- [Supplied data]
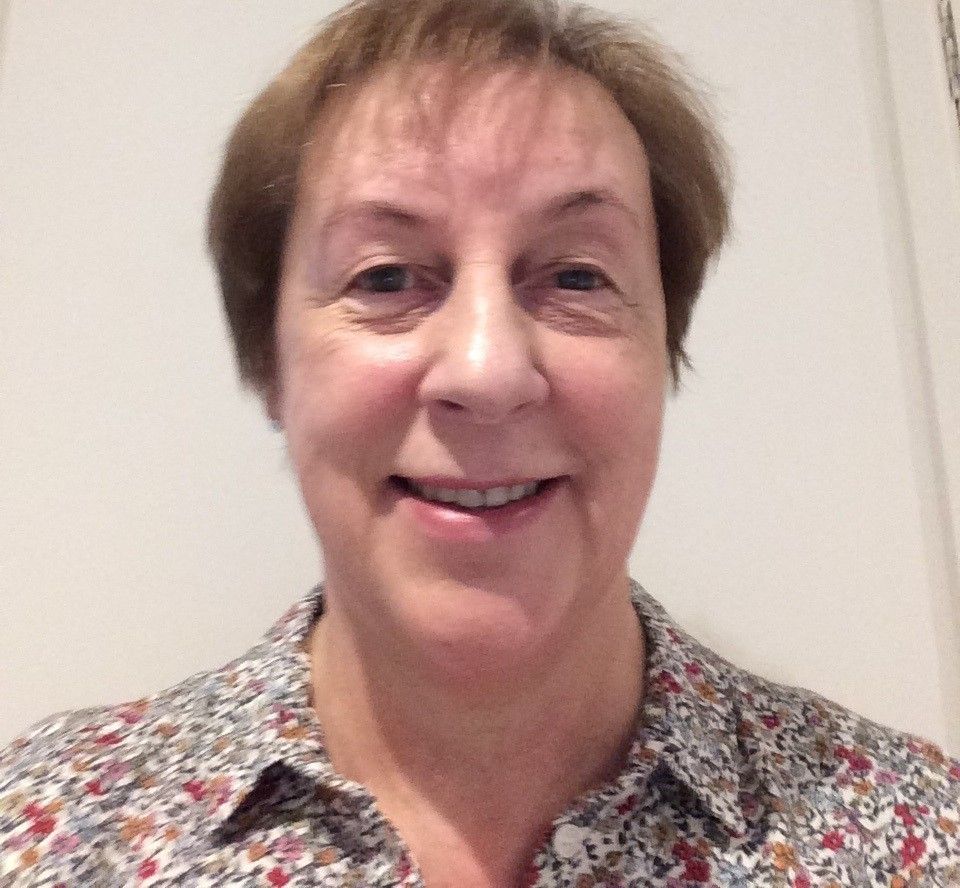 Headshot of Marie Curie Companion, Maria Meaker. She is smiling and wearing a floral blouse.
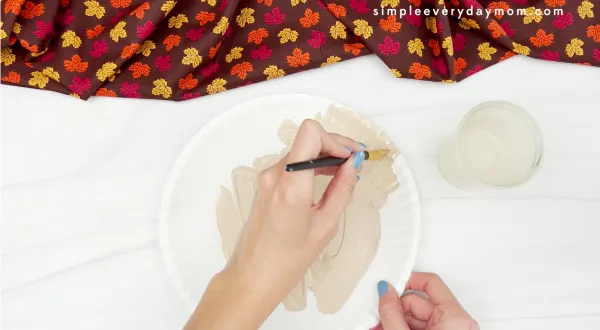 hands painting paper plate tan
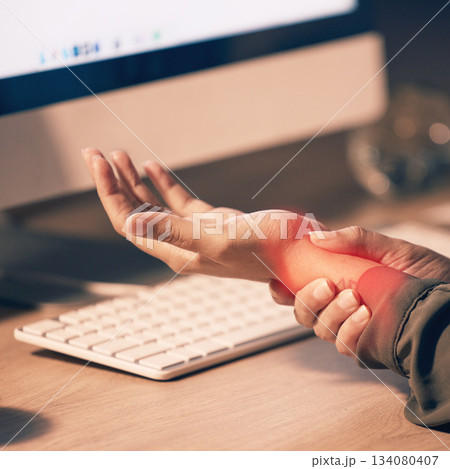 Woman, hands and wrist pain by computer from carpal tunnel syndrome or overworking at night by office desk. Hand of female holding painful arm area or pressure by PC from working late at workplace Woman, hands and wrist pain by computer from carpal tunnel syndrome or overworking at night by office desk. Hand of female holding painful arm area or pressure by PC from working late at workplace 134080407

- [Action item] Your answer should consist solely of the lines from the one holding "hands painting paper plate tan" through the end of the listing, reproduced exactly and without pictures.

- [Response box]
 hands painting paper plate tan
 Woman, hands and wrist pain by computer from carpal tunnel syndrome or overworking at night by office desk. Hand of female holding painful arm area or pressure by PC from working late at workplace Woman, hands and wrist pain by computer from carpal tunnel syndrome or overworking at night by office desk. Hand of female holding painful arm area or pressure by PC from working late at workplace 134080407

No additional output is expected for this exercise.